The casual user just wants a tool to crop screenshots and maybe draw simple shapes/lines/arrows. But once they do that they start to think of more advanced things and the simple tool starts to be seen as limiting.
LiquidSky
10 hours ago
But the linked article addresses that. They're not advocating for removing the full-feature UI, they just advise having a simple version that does the one thing (or couple of things) most users want in a simple way. Users who want to do more can just use the full version.
PaulDavisThe1st
10 hours ago
Users don't want "to do more". They want to do "that one extra thing". Going from the "novice" version to the "full version" just to get that one extra thing is a real problem for a lot of people. But how do you address this as a software designer?
devilbunny
8 hours ago
I'm not a coder, so I'm not going to pretend that this solution is easy to implement (it might be, but I wouldn't assume so), but how about allowing you to expose the "expert" options just temporarily (to find the tool you need) and then allow adding that to your new "novice plus" custom menus? I.e., if you use a menu option from the expert menu X number of times, it just shows up even though your default is the novice view.
LiquidSky
10 hours ago
Progressive disclosure? If you know your audience, you probably know what most people want, and then the usual next step up for that "one extra thing". You could start with the ultra-simple basic thing, then have an option to enable the "next step feature". If needed you could have progressive options up to the full version.
thaumasiotes
11 hours ago
> The casual user just wants a tool to crop screenshots and maybe draw simple shapes/lines/arrows. But once they do that they start to think of more advanced things and the simple tool starts to be seen as limiting.

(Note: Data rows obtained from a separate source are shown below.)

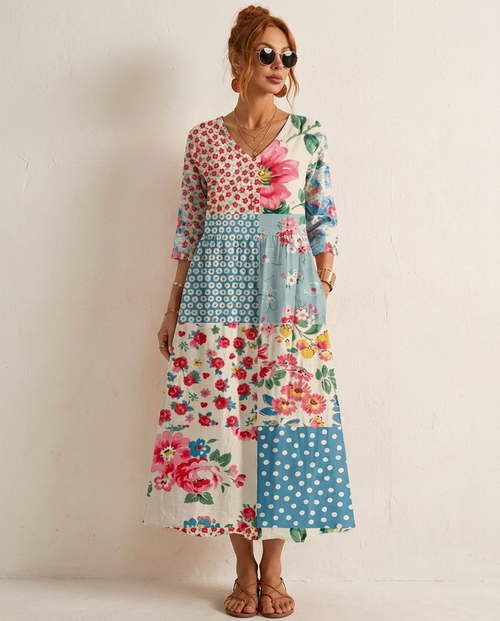 Rosalie Floral Maxi Dress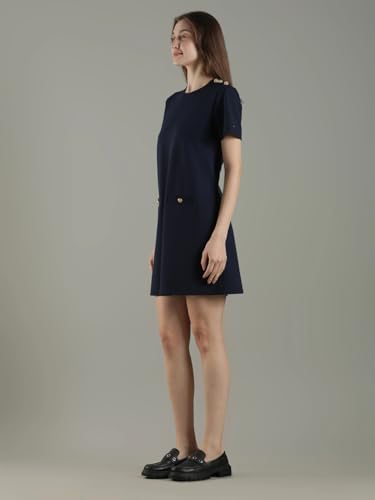 Cotton Round Neck Shift Dress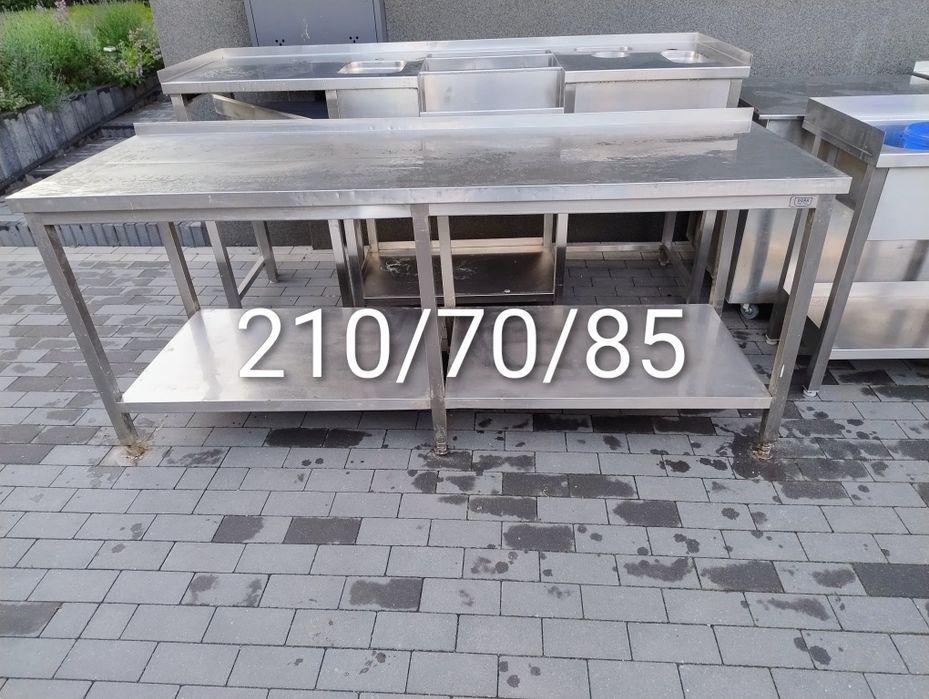 Meble gastro. nierdzewne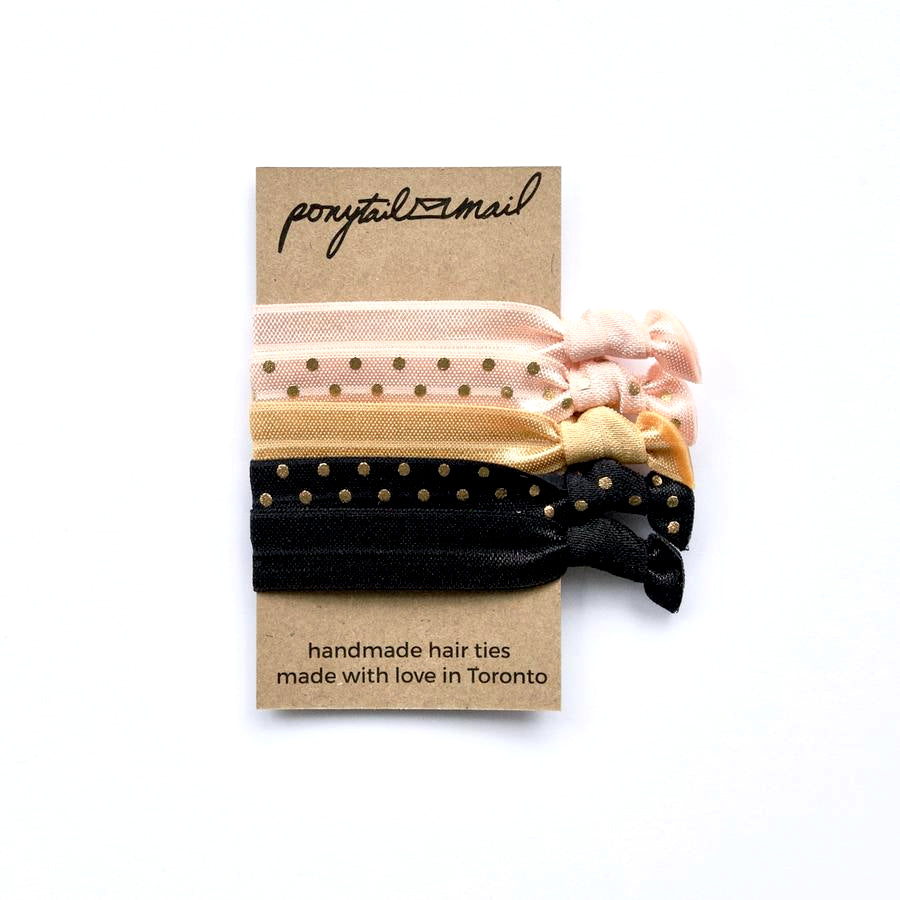 Polka Dot Party Hair Ties Set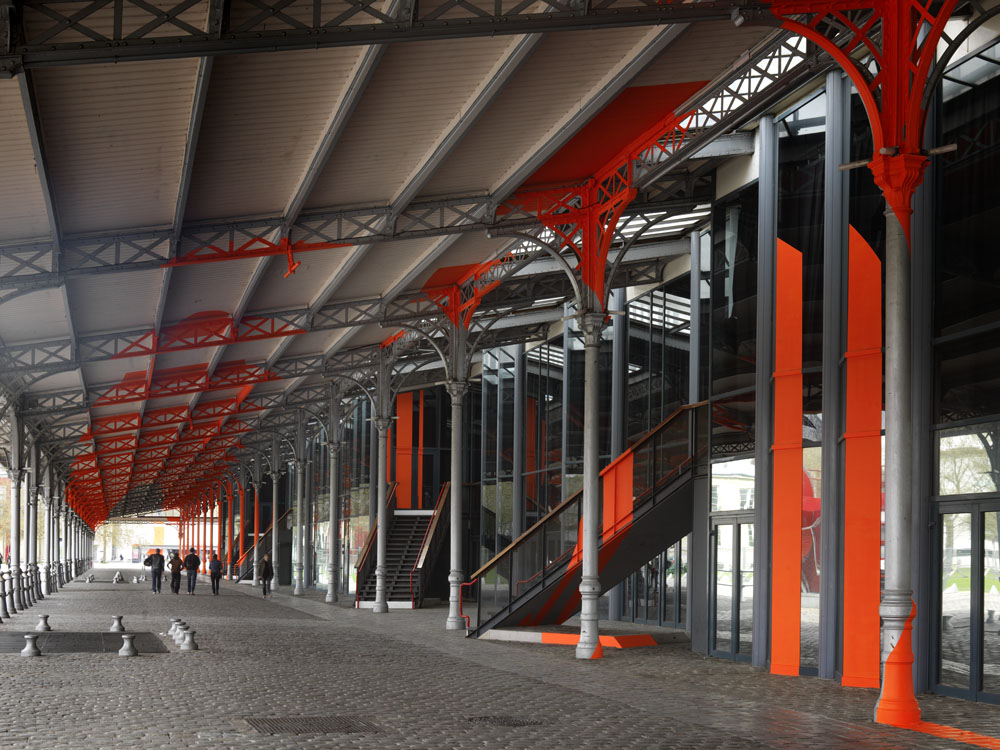 Exposition personnelle:"La Villette en suites" Parc de la Villette, ParisPhoto: André Morin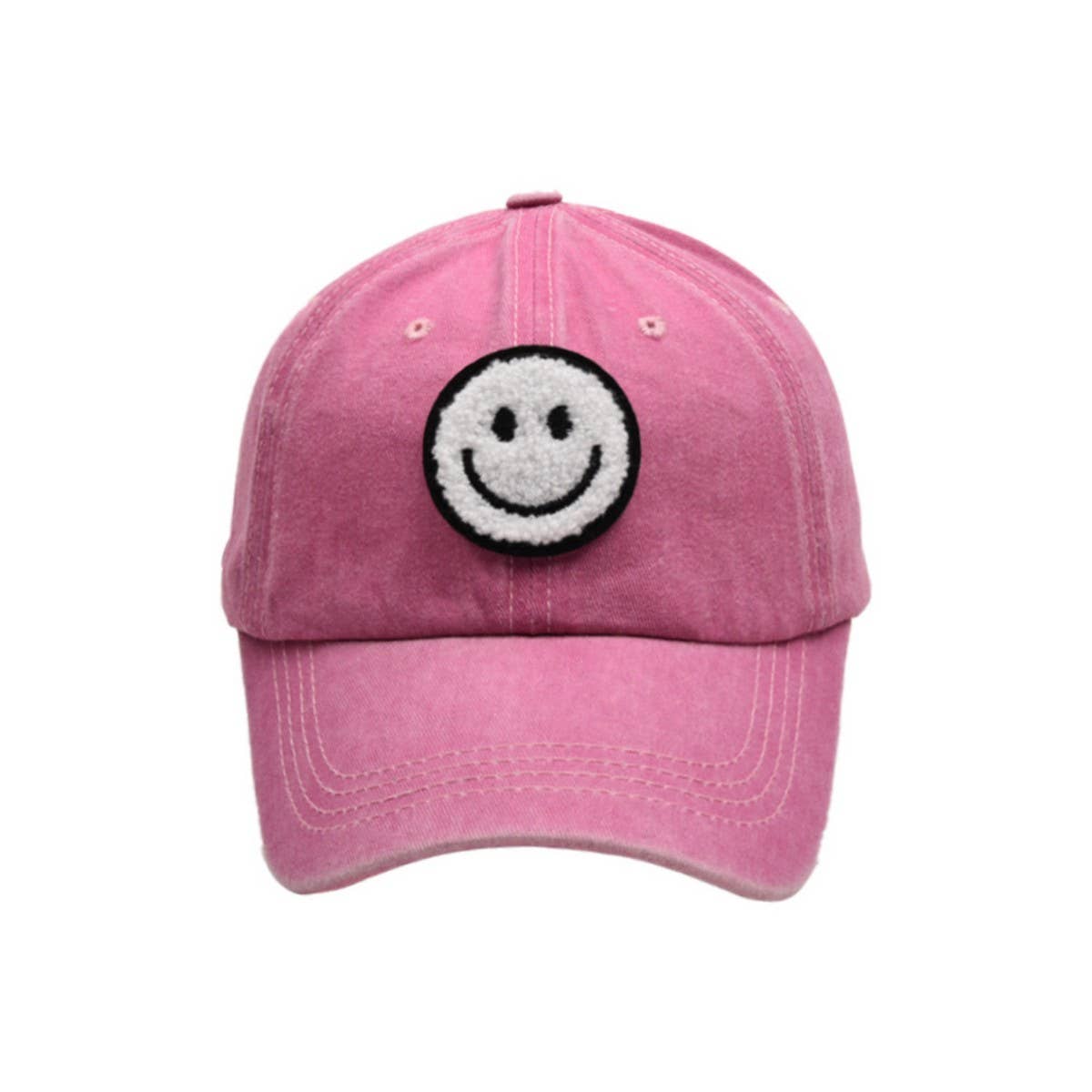 Smiley Face Parent-child Baseball Cap-Sun HatCWAH1241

Silksong Daily News went from videos of a voiceover saying "There has been no news for today" over a static image background to (sometimes) being scripted stop-motion videos.
uticus
10 hours ago
> It takes a single strong-willed defender, or some sort of onerous management structure...
I'd say it's even more than you've stated. Not only for defending an existing project, but even for getting a project going in the first place a dictator* is needed.
I'm willing to be proven wrong, and I know this flies in the face of common scrum-team-everybody-owns approaches.
* benevolent or otherwise
Cotterzz
10 hours ago
It does shed light on a possibly better solution though that gives the user a list of simple, common use case options or access to the full interface.
I do feel quite strongly that this should be implemented in the app though.
There must be examples of this approach already being used?
cellular
5 hours ago
This is why i developed GatorCAM for CNC.
FreeCAD is too complicated. Too many ways to accomplish the same task (nevermind only certain ways work too.)
So everything is simple and only 1 way to create gcode. No hidden menus. No hidden state.
mschuster91
10 hours ago
> to prevent the interface from quickly devolving back into the million options
Microsoft for a loooong time had that figured out pretty well:
- The stuff that people needed every day and liked to customize the most was directly reachable. Right click on the desktop, that offered a shortcut to the CPL for display and desktop symbols.
- More detailed stuff? A CPL that could be reached from the System Settings
- Stuff that was low level but still needed to be exposed somewhat? msconfig.
- Stuff that you'd need to touch very rarely, but absolutely needed the option to customize it for entire fleets? Group Policy.
- Really REALLY exotic stuff? Registry only.
In the end it all was Registry under the hood, but there were so many options to access these registry keys depending what level of user you were. Nowadays? It's a fucking nightmare, the last truly decent Windows was 7, 10 is "barely acceptable" in my eyes and Windows 11 can go and die in a fire.